Task brief » Nothing but the lines from the one containing "Let's try it" through the end of the data below should appear in the answer, each exact and free of pictures.

Exercise data »
*****
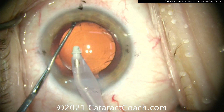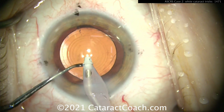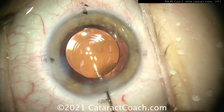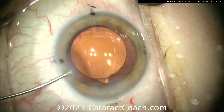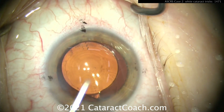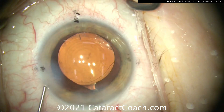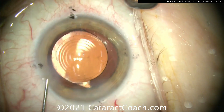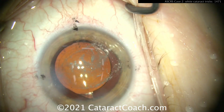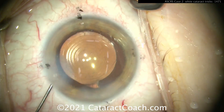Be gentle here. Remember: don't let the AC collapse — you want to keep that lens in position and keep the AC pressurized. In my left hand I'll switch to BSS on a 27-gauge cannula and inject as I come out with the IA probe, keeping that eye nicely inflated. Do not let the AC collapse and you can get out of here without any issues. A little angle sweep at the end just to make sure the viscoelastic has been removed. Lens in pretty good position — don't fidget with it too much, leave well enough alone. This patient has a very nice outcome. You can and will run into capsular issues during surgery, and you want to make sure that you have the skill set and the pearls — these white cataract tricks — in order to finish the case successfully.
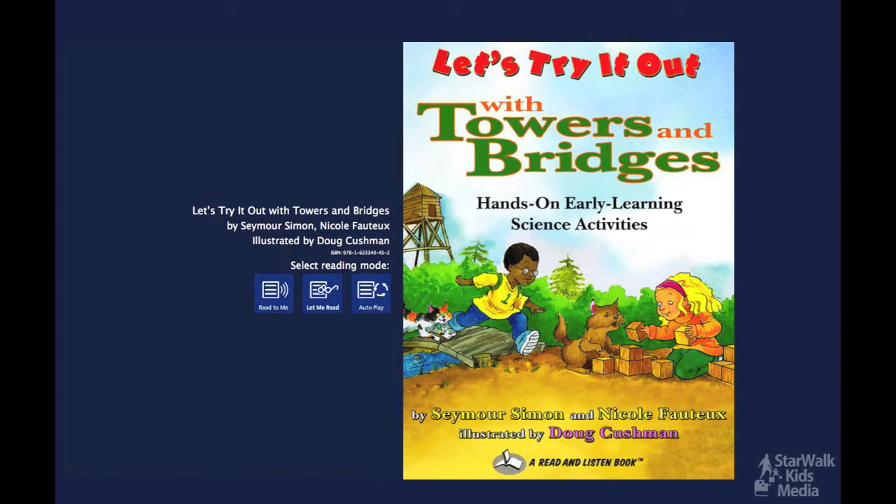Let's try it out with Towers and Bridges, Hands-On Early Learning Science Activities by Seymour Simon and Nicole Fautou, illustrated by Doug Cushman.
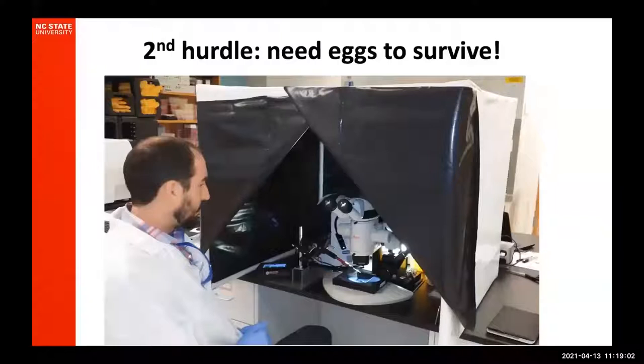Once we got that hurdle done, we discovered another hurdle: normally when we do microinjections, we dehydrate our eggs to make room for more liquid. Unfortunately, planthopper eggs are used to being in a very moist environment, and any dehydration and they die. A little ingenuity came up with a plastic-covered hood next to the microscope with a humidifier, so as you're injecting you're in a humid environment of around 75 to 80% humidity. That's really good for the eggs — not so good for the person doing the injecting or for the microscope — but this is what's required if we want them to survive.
*****
Written answer »
Let's try it out with Towers and Bridges, Hands-On Early Learning Science Activities by Seymour Simon and Nicole Fautou, illustrated by Doug Cushman.
Once we got that hurdle done, we discovered another hurdle: normally when we do microinjections, we dehydrate our eggs to make room for more liquid. Unfortunately, planthopper eggs are used to being in a very moist environment, and any dehydration and they die. A little ingenuity came up with a plastic-covered hood next to the microscope with a humidifier, so as you're injecting you're in a humid environment of around 75 to 80% humidity. That's really good for the eggs — not so good for the person doing the injecting or for the microscope — but this is what's required if we want them to survive.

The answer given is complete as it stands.